Donald Rumsfeld became so irritated by questions yesterday
that he began to do a Bob Dole impersonation for no apparent reason,
then when asked about the lack of viable law enforcement presence
in Iraq, said, "We have a team...an A-team in the works...
a team which was found guilty for a crime that it didn't commit...
they've been working underground against Columbian druglords and
Russians and it's time to bring them back in the fold... they
have a zero-casualty record and we need that... can I hear one
for Peck? Lt. Templeton?

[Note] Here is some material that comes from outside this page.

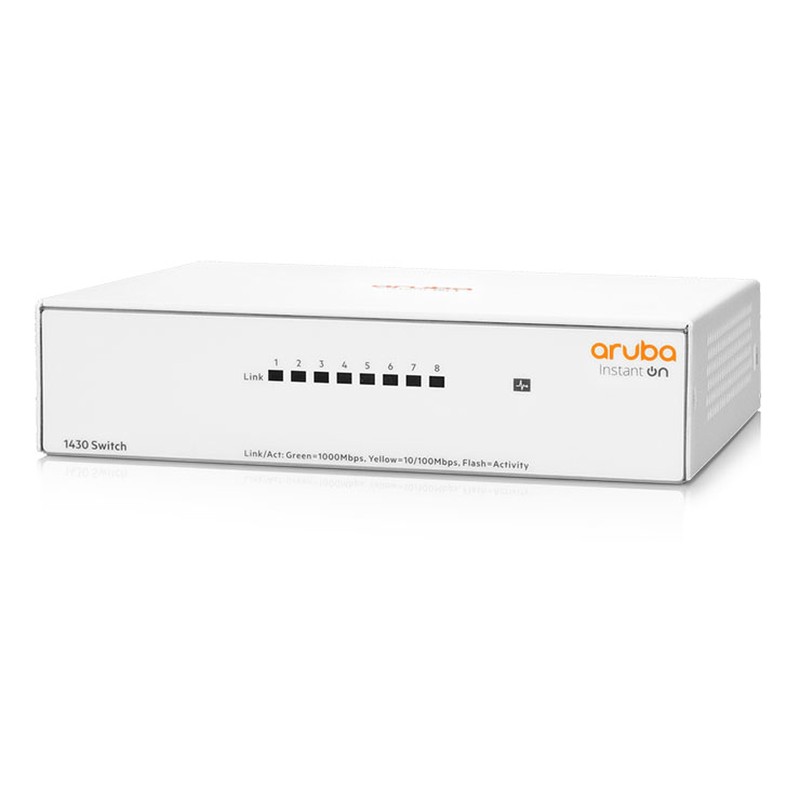 HPE Aruba Istant su 1430 8G Leventlos Unmanage Gigabit Switch UE R8R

Face?!" Rumsfeld continued to exhort
the press until one confused reporter in the back finally gave
Lt. Templeton "Face" Peck a "shout out".
REAL WORLD MEMBER 'JIM' TO DOCUMENT EXPERIENCE
(BR)

MTV's newest The Real World, it's long running
reality series, will be taping in Phoenix this summer. One new
star, Jim, will bring along a film crew to record his stay in
the house for a documentary. "I just thought it would be
interesting, " he said, "because nobody has really seen
anything like that before, what's it like to live in the Real
World house, or what it's like to be on TV all the time."

MAN TOO NERVOUS TO FINISH HOOTERS LUNCH (BR)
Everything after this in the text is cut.